* _About this exercise_
Only one portion of the data is to be written out: from the line bearing "Angled view of" through the line bearing "stock image A". Write it exactly as it appears.
#### Records to use
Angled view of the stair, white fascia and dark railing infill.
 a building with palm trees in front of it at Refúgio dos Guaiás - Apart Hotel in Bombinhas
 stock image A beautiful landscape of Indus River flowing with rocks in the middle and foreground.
########
#### Records to use
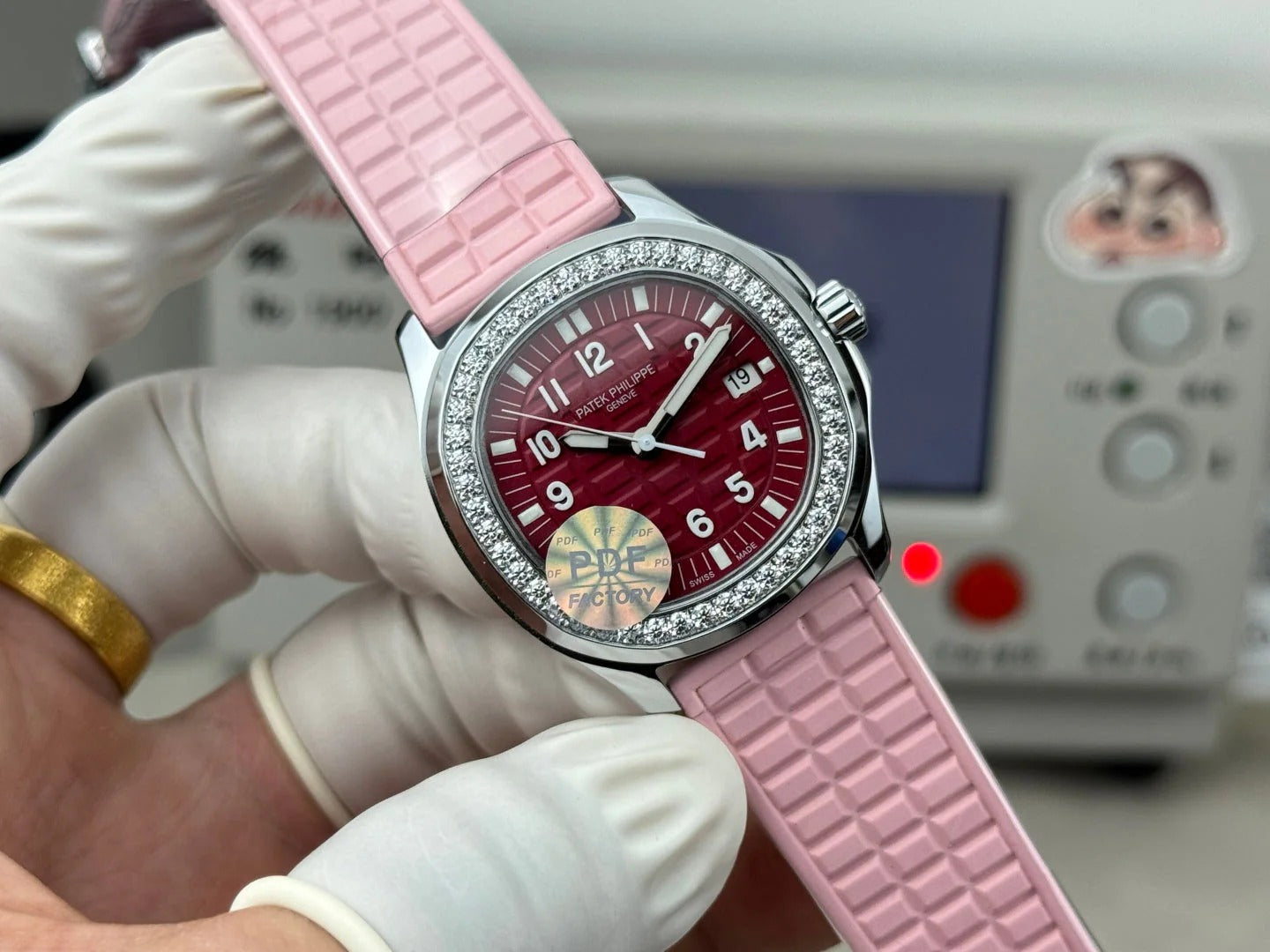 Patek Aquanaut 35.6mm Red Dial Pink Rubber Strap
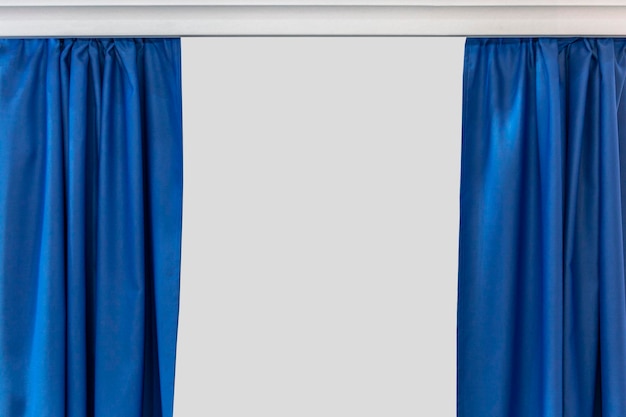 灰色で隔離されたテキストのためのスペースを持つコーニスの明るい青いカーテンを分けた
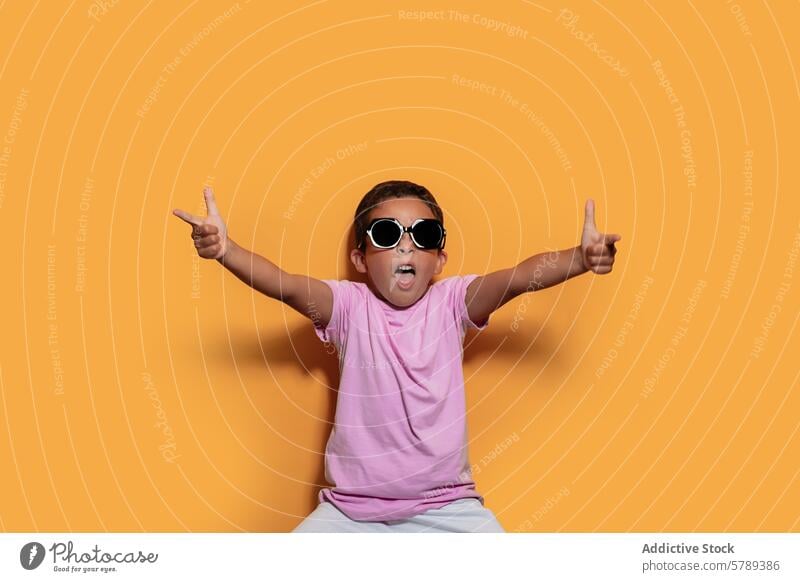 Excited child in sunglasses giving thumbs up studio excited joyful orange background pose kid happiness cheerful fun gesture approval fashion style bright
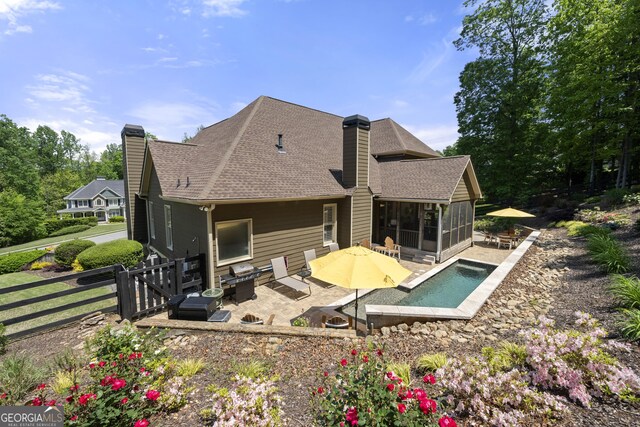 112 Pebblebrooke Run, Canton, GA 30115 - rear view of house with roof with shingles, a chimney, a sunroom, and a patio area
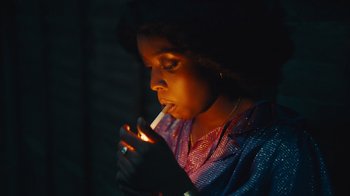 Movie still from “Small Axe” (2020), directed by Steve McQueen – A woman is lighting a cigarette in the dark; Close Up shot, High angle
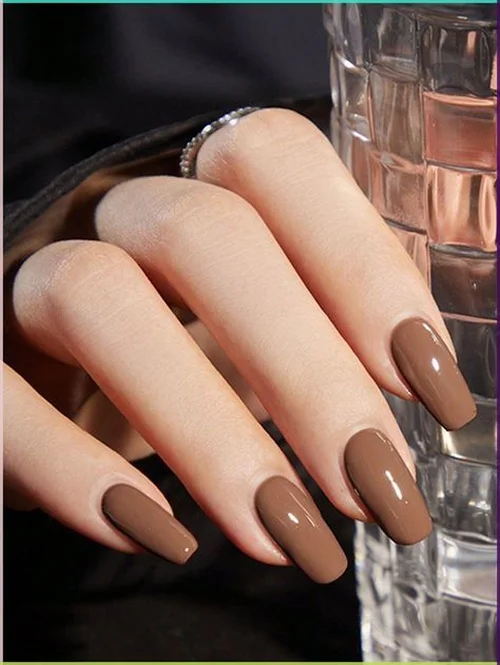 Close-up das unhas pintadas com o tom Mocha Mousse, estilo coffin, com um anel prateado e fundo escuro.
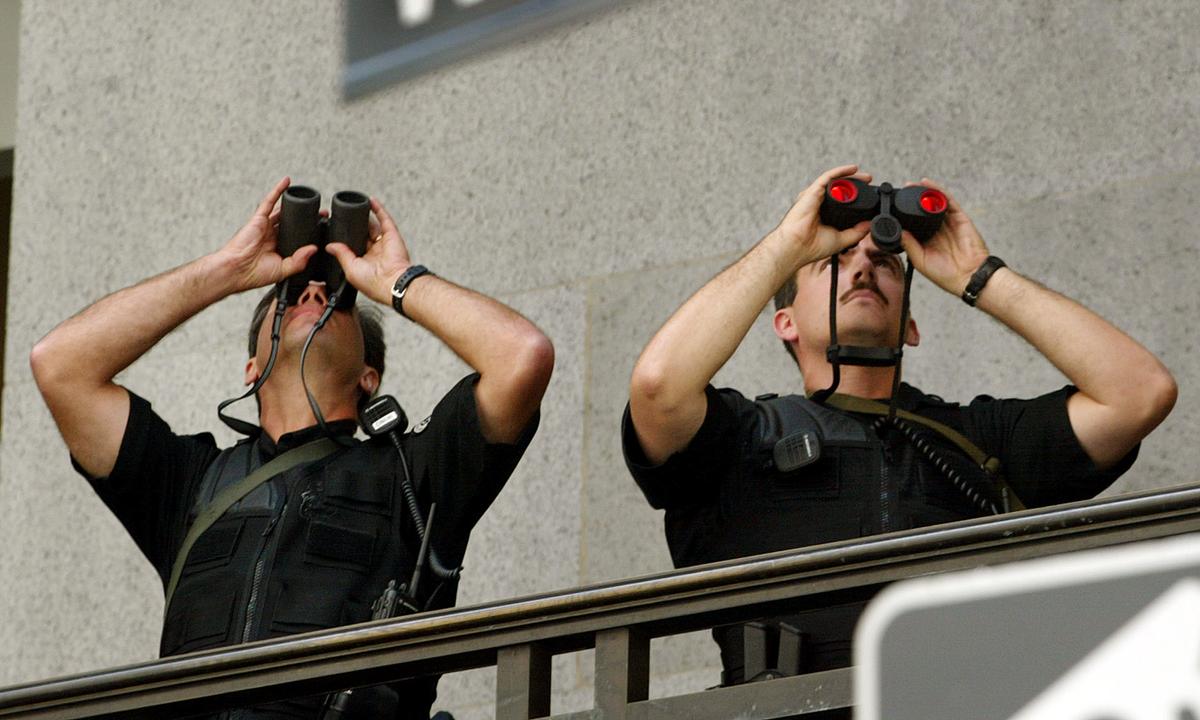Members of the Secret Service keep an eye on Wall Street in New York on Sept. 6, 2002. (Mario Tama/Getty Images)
########
* _Finished exercise_
Angled view of the stair, white fascia and dark railing infill.
 a building with palm trees in front of it at Refúgio dos Guaiás - Apart Hotel in Bombinhas
 stock image A beautiful landscape of Indus River flowing with rocks in the middle and foreground.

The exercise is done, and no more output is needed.